10. apiserver（七、停机流程）

10.1 信号流转

Run方法中，使用停机信号进行优雅停机：

10.2 前置知识

先介绍一下lifecycleSignal：

type lifecycleSignal interface {
    // Signal signals the event, indicating that the event has occurred.
    // Signal is idempotent, once signaled the event stays signaled and
    // it immediately unblocks any goroutine waiting for this event.
    Signal()

    // Signaled returns a channel that is closed when the underlying event
    // has been signaled. Successive calls to Signaled return the same value.
    Signaled() <-chan struct{}

    // Name returns the name of the signal, useful for logging.
    Name() string
}

Signal()：触发信号，唤醒监听协程；
Signaled()：返回信号；

生命信号总好包含8种：

type lifecycleSignals struct {
    // ShutdownInitiated event is signaled when an apiserver shutdown has been initiated.
    // It is signaled when the `stopCh` provided by the main goroutine
    // receives a KILL signal and is closed as a consequence.
    ShutdownInitiated lifecycleSignal

    // AfterShutdownDelayDuration event is signaled as soon as ShutdownDelayDuration
    // has elapsed since the ShutdownInitiated event.
    // ShutdownDelayDuration allows the apiserver to delay shutdown for some time.
    AfterShutdownDelayDuration lifecycleSignal

    // PreShutdownHooksStopped event is signaled when all registered
    // preshutdown hook(s) have finished running.
    PreShutdownHooksStopped lifecycleSignal

    // NotAcceptingNewRequest event is signaled when the server is no
    // longer accepting any new request, from this point on any new
    // request will receive an error.
    NotAcceptingNewRequest lifecycleSignal

    // InFlightRequestsDrained event is signaled when the existing requests
    // in flight have completed.

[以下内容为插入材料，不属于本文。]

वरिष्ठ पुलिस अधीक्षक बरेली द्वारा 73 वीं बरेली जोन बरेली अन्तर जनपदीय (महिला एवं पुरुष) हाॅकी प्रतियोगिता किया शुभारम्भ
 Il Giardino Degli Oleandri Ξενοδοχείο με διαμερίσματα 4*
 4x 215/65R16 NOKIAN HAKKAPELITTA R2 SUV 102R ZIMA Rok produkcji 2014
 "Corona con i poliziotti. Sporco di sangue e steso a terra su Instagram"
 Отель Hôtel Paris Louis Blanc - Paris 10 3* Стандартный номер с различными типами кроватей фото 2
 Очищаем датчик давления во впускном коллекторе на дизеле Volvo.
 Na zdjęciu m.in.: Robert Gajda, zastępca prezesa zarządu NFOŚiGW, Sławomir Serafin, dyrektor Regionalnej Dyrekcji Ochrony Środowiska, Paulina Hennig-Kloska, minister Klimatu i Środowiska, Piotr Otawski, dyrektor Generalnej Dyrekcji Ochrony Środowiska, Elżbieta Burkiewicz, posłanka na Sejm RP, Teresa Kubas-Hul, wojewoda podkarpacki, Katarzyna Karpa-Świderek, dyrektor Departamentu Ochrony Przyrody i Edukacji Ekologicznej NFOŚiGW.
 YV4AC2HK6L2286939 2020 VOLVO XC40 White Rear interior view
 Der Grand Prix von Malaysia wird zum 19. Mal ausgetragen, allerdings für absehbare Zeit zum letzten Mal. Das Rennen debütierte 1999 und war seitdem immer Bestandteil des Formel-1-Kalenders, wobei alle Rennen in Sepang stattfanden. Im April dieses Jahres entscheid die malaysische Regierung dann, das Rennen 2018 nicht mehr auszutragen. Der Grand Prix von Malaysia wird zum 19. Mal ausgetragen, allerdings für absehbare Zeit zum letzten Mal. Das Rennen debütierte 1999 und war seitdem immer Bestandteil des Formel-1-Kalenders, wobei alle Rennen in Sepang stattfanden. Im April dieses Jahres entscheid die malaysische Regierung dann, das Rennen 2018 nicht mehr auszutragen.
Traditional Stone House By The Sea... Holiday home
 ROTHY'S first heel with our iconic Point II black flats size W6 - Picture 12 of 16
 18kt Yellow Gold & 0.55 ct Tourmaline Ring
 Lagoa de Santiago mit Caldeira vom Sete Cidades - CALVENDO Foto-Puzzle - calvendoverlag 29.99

This is used as signal to shut down the audit backends
    InFlightRequestsDrained lifecycleSignal

    // HTTPServerStoppedListening termination event is signaled when the
    // HTTP Server has stopped listening to the underlying socket.
    HTTPServerStoppedListening lifecycleSignal

    // HasBeenReady is signaled when the readyz endpoint succeeds for the first time.
    HasBeenReady lifecycleSignal

    // MuxAndDiscoveryComplete is signaled when all known HTTP paths have been installed.
    // It exists primarily to avoid returning a 404 response when a resource actually exists but we haven't installed the path to a handler.
    // The actual logic is implemented by an APIServer using the generic server library.
    MuxAndDiscoveryComplete lifecycleSignal
}

最后两种为启动信号，其他为关机信号。

Run方法的总体流程如下（这里省略了各个子协程以及if块的逻辑，便于更清晰地看到Run方法的逻辑）：

func (s preparedGenericAPIServer) Run(stopCh <-chan struct{}) error {
    delayedStopCh := s.lifecycleSignals.AfterShutdownDelayDuration
    shutdownInitiatedCh := s.lifecycleSignals.ShutdownInitiated

    defer s.Destroy()

    // 启动debug socket
    if s.UnprotectedDebugSocket != nil {...}

    go func() {...}()

    go func() {...}()

    // 设置shutdownTimeout
    shutdownTimeout := s.ShutdownTimeout
    if s.ShutdownSendRetryAfter {...}

    notAcceptingNewRequestCh := s.lifecycleSignals.NotAcceptingNewRequest
    drainedCh := s.lifecycleSignals.InFlightRequestsDrained
    stopHttpServerCh := make(chan struct{})
    go func() {...}()

    // 监听drainedCh，启动AuditBackend
    if s.AuditBackend != nil {...}

    stoppedCh, listenerStoppedCh, err := s.NonBlockingRun(stopHttpServerCh, shutdownTimeout)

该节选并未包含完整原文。